Das hier

"Das soll aber nicht heißen, daß ich mir immer erst einen Baum vorstellen muss, um den Satz "da und da steht ein Baum" verstehen und überprüfen zu können.
Wenn das nämlich prinzipiell nötig wäre, müsste ich dann nicht die erste
Vorstellung durch eine weitere Vorstellung quasi beglaubigen und so
weiter ins Unendliche, so wie ich den Satz durch eine Vorstellung
beglaubigt habe?"

ist ziemlich unklar und wird durch folgendes hoffentlich etwas klarer:

Dagegen könnte man natürlich sagen, daß Bilder sehr viel weniger erklärungsbedürftig sind als nicht bildhafte Zeichengebilde. Äußere oder innere Bilder können aber zu verschiedenen Zwecken dienen. Ich kann mir z.B. das Muster, das mir zur Erklärung des Worts "rot" gezeigt worden ist, in Erinnerung rufen - und werde das wahrscheinlich auch tun, wenn ich das Wort neu gelernt habe und die Anwendung noch nicht automatisiert ist  - um Gegenstände von dieser Farbe auszusuchen oder um sie auszusortieren. Wenn ich mir nicht nur zum Wort, sondern zum ganzen Satz etwas vorstellen würde, also nicht ein statisches Bild, sondern wie jemand rote Objekte aussucht oder aussortiert, könnte diese Vorstellung auch so oder anders aufgefasst werden und wäre keine unmissverständliche Handlungsanweisung, von der eindeutig abzulesen ist, was daraus folgt - soll ich mich so verhalten oder so gerade nicht, auf welche Details der vorgestellten Szene kommt es an, auf welche nicht etc.
Der Unterschied zwischen Zeichen mit vereinbarter Bedeutung und Gebilden daraus einerseits und Bildern andererseits ist, daß wir erstere nicht ohne Erklärung verstehen, letztere grundsätzlich schon.
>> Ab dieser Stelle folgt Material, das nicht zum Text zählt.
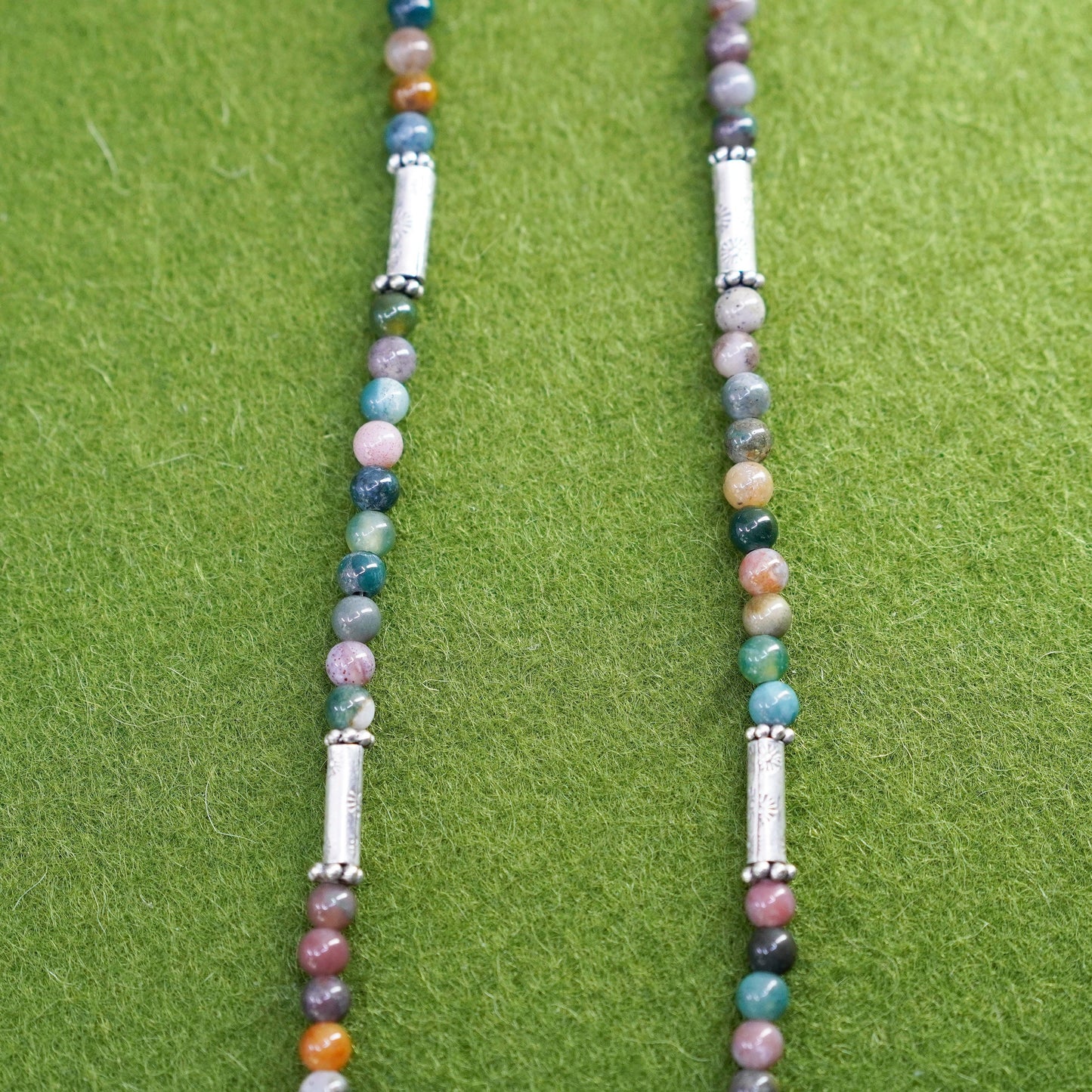 14+3”, vintage sterling 925 silver handmade necklace agate crystal jade beads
Deshalb können wir erstere durch letztere erklären, wobei es aber im Einzelfall zu Missverständnissen kommen kann, die dann ausgeräumt werden müssen, was unter Lebewesen, die einigermaßen ähnlich gestrickt sind oder an "ähnlichen Ideen teilhaben" und sich nicht absichtlich missverstehen wollen, in der Regel funktioniert.
Daß wir beschreibende oder behauptende Sätze ähnlich wie Bilder verwenden, sieht man aber m.E. daran, daß sie, besonders in der Phase des Spracherwerbs oder wenn wir besonders Anteil nehmen wollen, oft von bildhaften Hilfsvorstellungen begleitet werden, auch wenn diese nicht jedes theoretisch denkbare Missverständnis ausschließen. Man kann dagegen m.E. nicht einwenden: das Bild schützt uns ja nicht vor jedem denkbaren Missverständnis, also wozu soll es dann gut sein und wozu Aussagesätze als eine Art Ersatz für Bilder auffassen?
Mit dieser Auffassung oder diesem Vergleich sind keine Implikationen verbunden wie "wir müssen nur aufpassen, daß wir uns nicht in den Strukturen unserer Sprache verheddern,  daß sie ein reiner und klarer Spiegel bleibt, dann bildet sich in ihr die Welt ab, wie sie 'an sich' ist" oder umgekehrt ein prinzipieller kartesianischer Zweifel  ("wir haben bloß Bilder"). Solche Theorien stellen sich immer als widersprüchlich heraus, was durch "philosophische Tätigkeit" zu zeigen ist.
Wir haben ausgefeiltere Verständigungsinstrumente als andere Tiere, in denen wir uns tatsächlich oft verheddern. Sie funktionieren oft wie Informationsspeicher, Zeichnungen oder Bilder.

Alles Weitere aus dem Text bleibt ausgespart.